German politician and resistance activist

Erich Ziegler (29 February 1914 - 6 May 2004) was a German politician and resistance activist. He was active in the "Heinz Kapelle Group" during the 1930s. After the war, Ziegler was a leader of the Socialist Unity Party of West Berlin (SEW).

==Early years==
Ziegler was born in Neukölln in 1914 and grew up in a working class family. After finishing Volksschule schooling, he became a bakers' apprentice. In 1929 he witnessed clashes between police and demonstrators on May Day in Neukölln. He joined the Young Communist League of Germany in the same year. His wife, Elli (née Fuchs), was an activist of the Socialist Workers Youth (the youth wing of the SPD).

==Resistance struggle==
Erich and Elli Ziegler continued their political activities after the National Socialist take-over in 1933. Erich Ziegler was fired from his job. In autumn 1934 the Zieglers opened two bookshops, that functioned as centres of distribution of underground anti-fascist propaganda. To make ends meet, Erich Ziegler also worked delivering newspapers during these years. In 1936 he was drafted to the Wehrmacht.

As the Second World War drew closer, Erich Ziegler and Heinz Kapelle built up a resistance group in Berlin. The group encompassed activists from the Young Communist League, the Socialist Workers Youth and Catholic youth groups. Once the war broke out in 1939, the group to which the Zieglers belonged began distributing anti-war propaganda in Berlin, calling for the overthrow of Adolf Hitler and demanding an end to hostilities with neighbouring countries.

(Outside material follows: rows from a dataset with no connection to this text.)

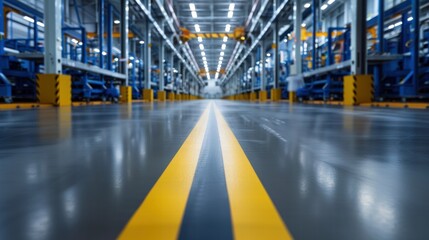 Modern warehouse interior with polished floors and yellow guiding lines.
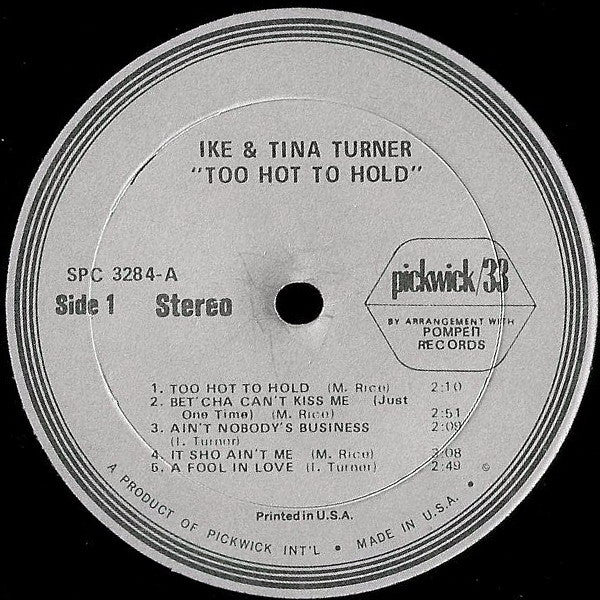 Ike And Tina Turner* : Too Hot To Hold (LP, Album, RE)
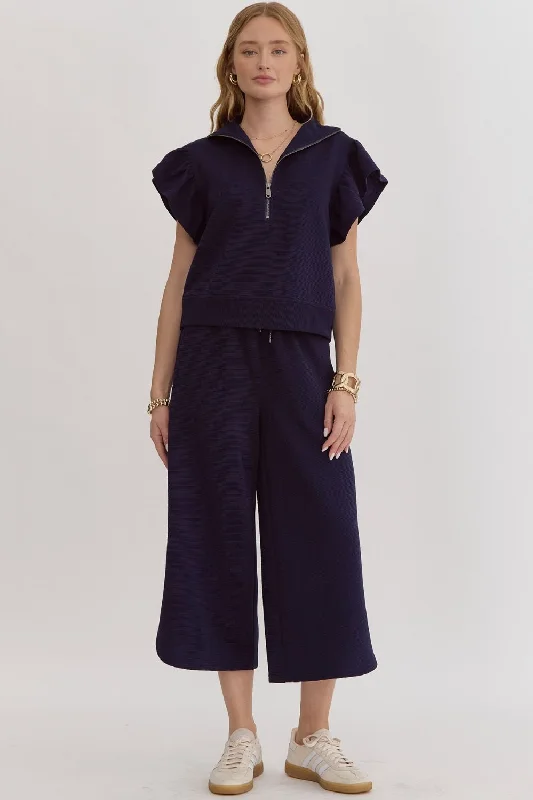 Textured Ruffle Sleeve Pants Set- Navy Formal Dress Pants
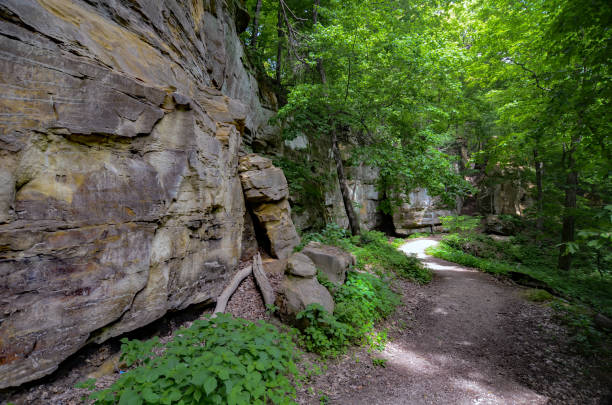istock Wildcat Den State Park Footpath Along Ancient Walls 1208705904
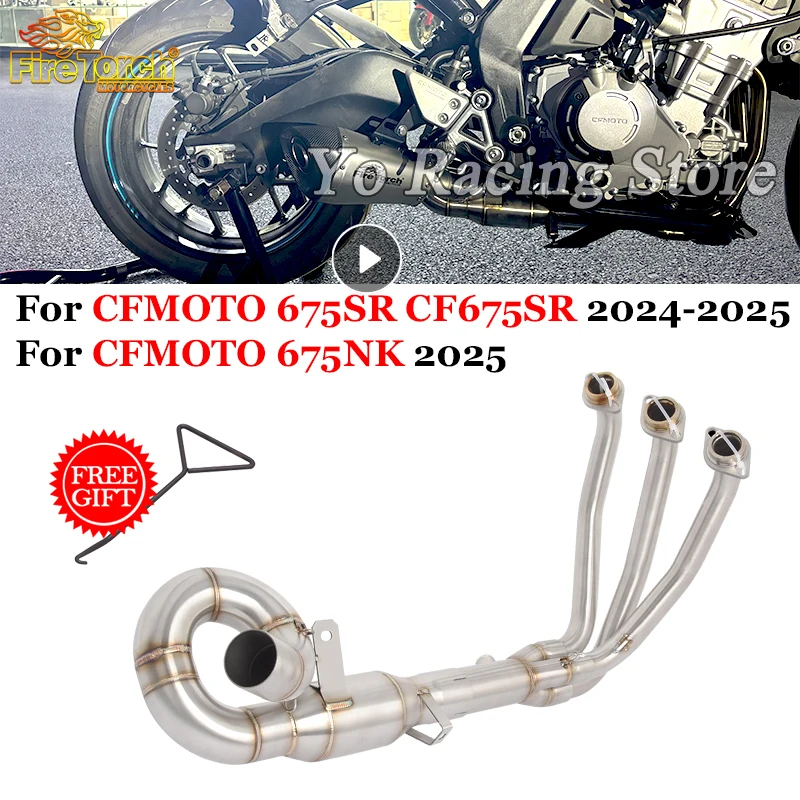 

Slip On For CFMOTO 675SR CF675SR 675R-R 675 SR-R 675NK 2024 2025 Motorcycle Exhaust System Front Link Pipe Connect 51mm Muffler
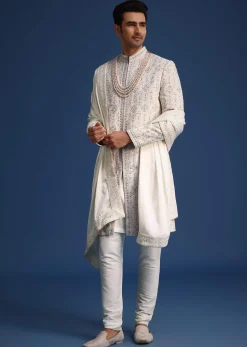 Off White Lucknowi Sherwani Set With Sequin Work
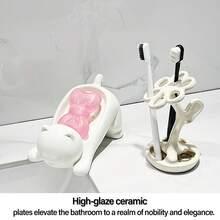 1个可爱卡通猫咪皂碟 - 装饰性塑料皂托，多功能收纳架 - 适用于浴室台面、水槽和梳妆台，趣味浴室肥皂和海绵收纳架，装饰性皂托，适用于淋浴、旅行、宿舍、洗漱用品、浴室配件、浴室收纳、返校季、家居用品 - 彩色 - 查看 6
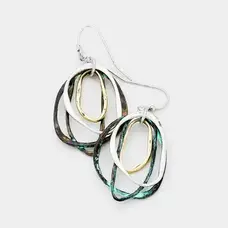 Sensibling Corp Layered Geo Metal Oval Hoop Dangle Earrings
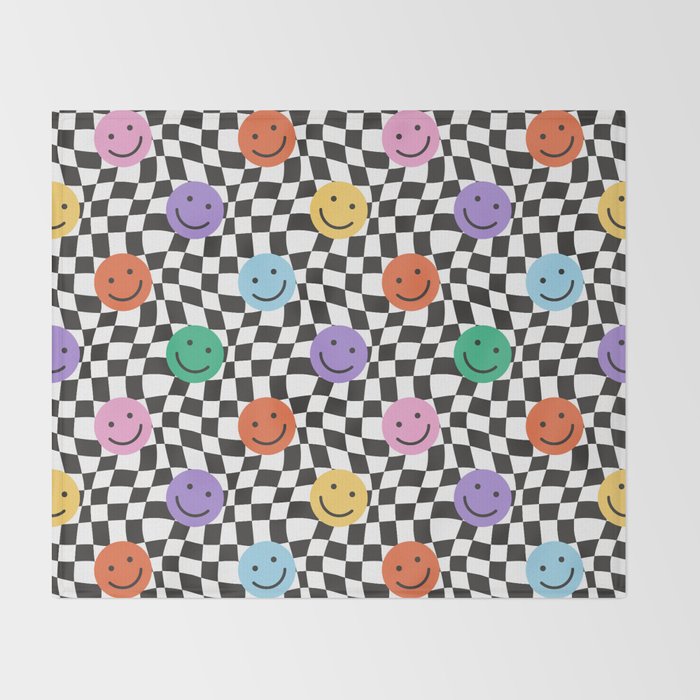 Colorful retro checkered happy face pattern Throw Blanket Gallery Image 2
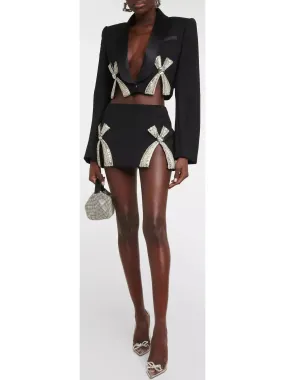 Women’s Bow-Embroidered Cropped Blazer and Mini Skirt Set in Black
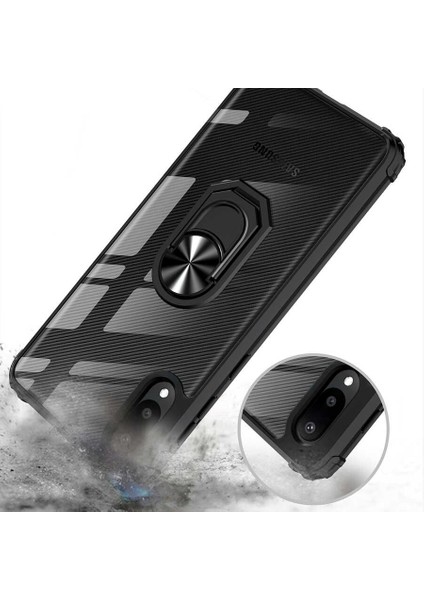Samsung Galaxy A02 Kılıf Korumalı Yüzüklü Standlı Mola Kapak + Cam Ekran Koruyucu modelleri
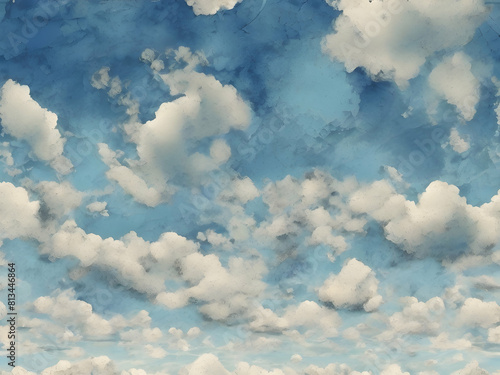 blue sky with clouds sky  cloud  blue  clouds  nature  white  Ai generated 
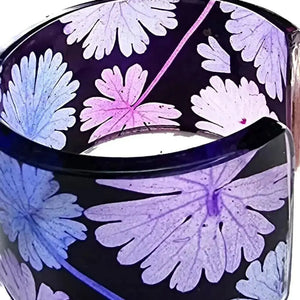 Purple Geranium Floral Cuff bracelet | Recycled Perspex Mother's day gift Cuff Sue Gregor 
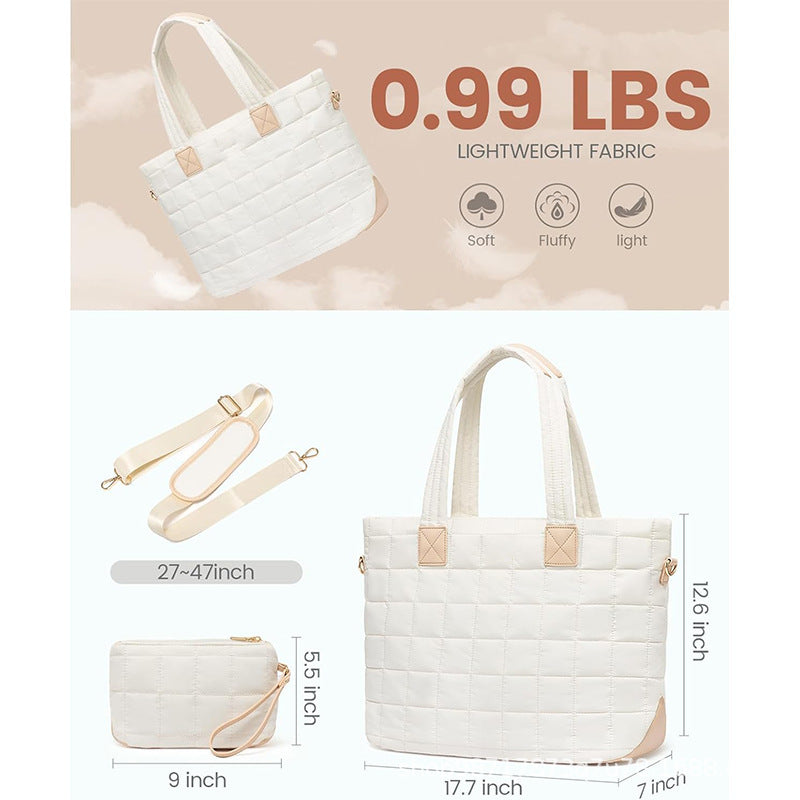 Lightweight Quilted Tote Bag for Women - Fits 15.6 Laptop Water-Resistant with Clutch & Luggage Strap(Khaki)" 4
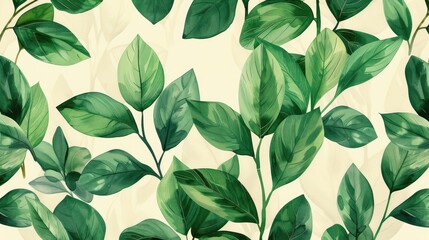 Watercolor style illustration of vibrant green leaves on a whimsical background.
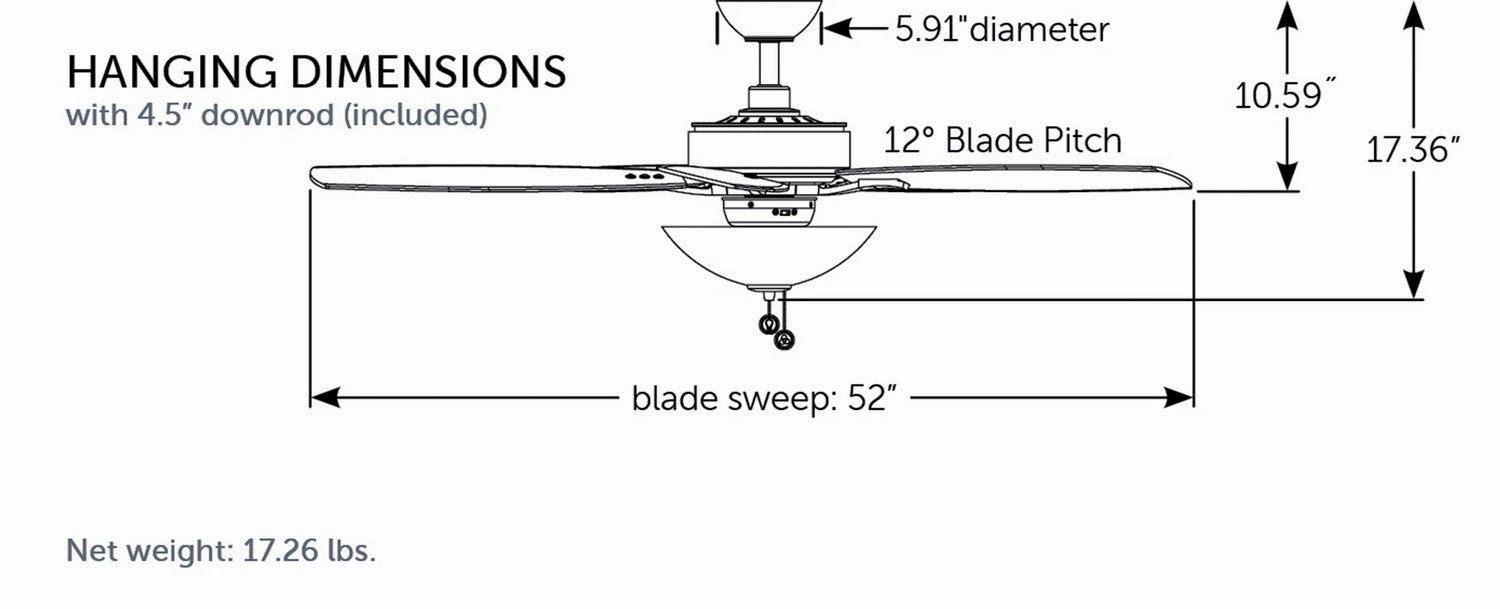Aire Deluxe 52"Ceiling Fan Dark Bronze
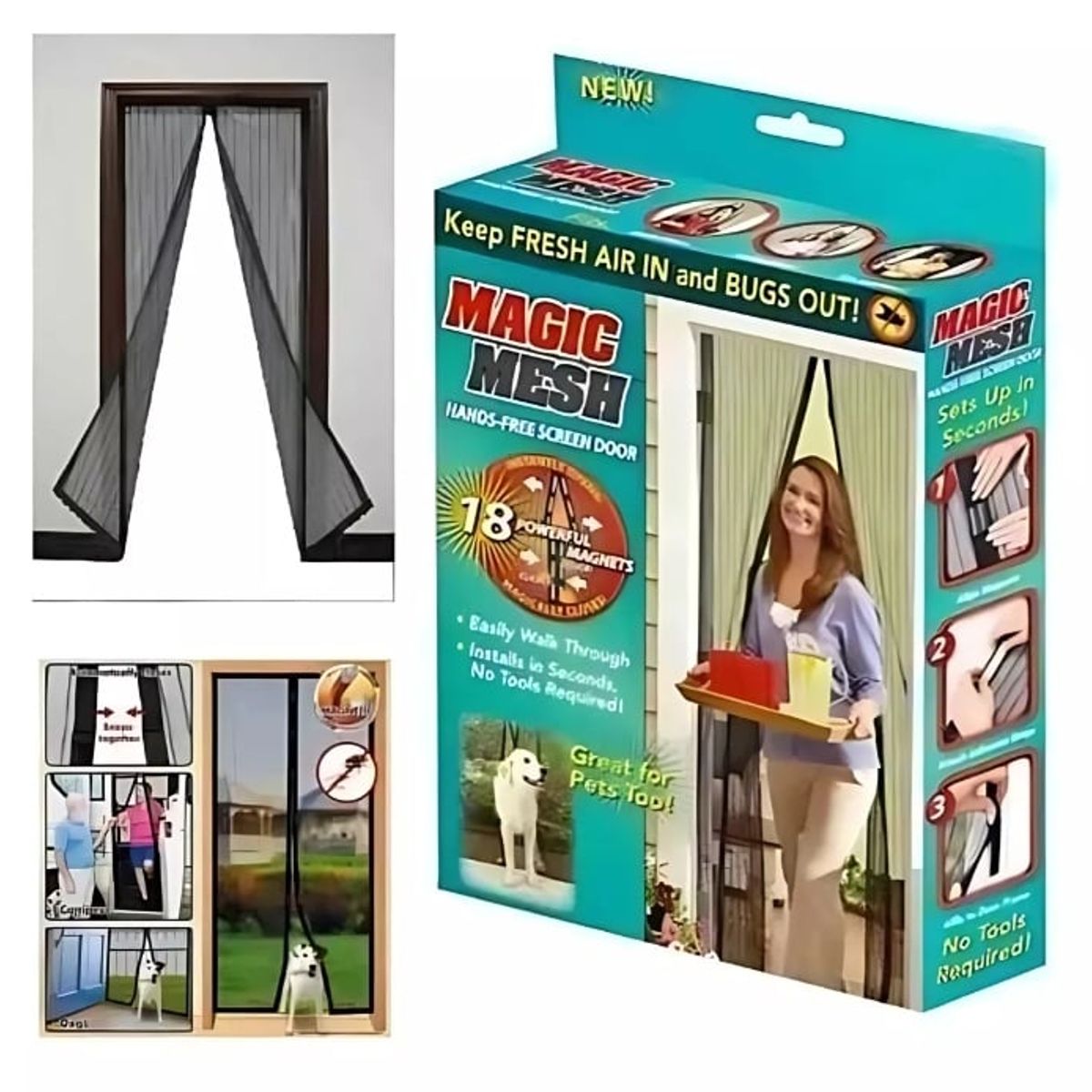 GENERICO - Malla Cortina Puerta Mosquitero Magnetico Mosquito Insectos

Between 15 and 17 October 1939 the state authorities conducted a crack-down on the resistance activists in Berlin. The group that Ziegler belonged to was broken up. Erich and Elli Ziegler were arrested on 17 October 1939. They endured months in Gestapo captivity before their trial in February 1941. Ziegler was held at the Moabit prison. At their trial Heinz Kapelle was sentenced to death and Erich Ziegler to life imprisonment. Elli Ziegler was sentenced to three years imprisonment, other defendants were sentenced to prison terms ranging from one to ten years.

==Post-war years==
After Liberation, he founded the Anti-Fascist Youth Committee of Berlin-Neukölln. During this period Ziegler worked closely with the youth secretary of the Communist Party, Erich Honecker. They enjoyed cordial relations with young social democrats, with whom they shared experiences from the resistance struggle. Ziegler took part in the construction of the Free German Youth and the Democratic Sports Movement of Greater Berlin.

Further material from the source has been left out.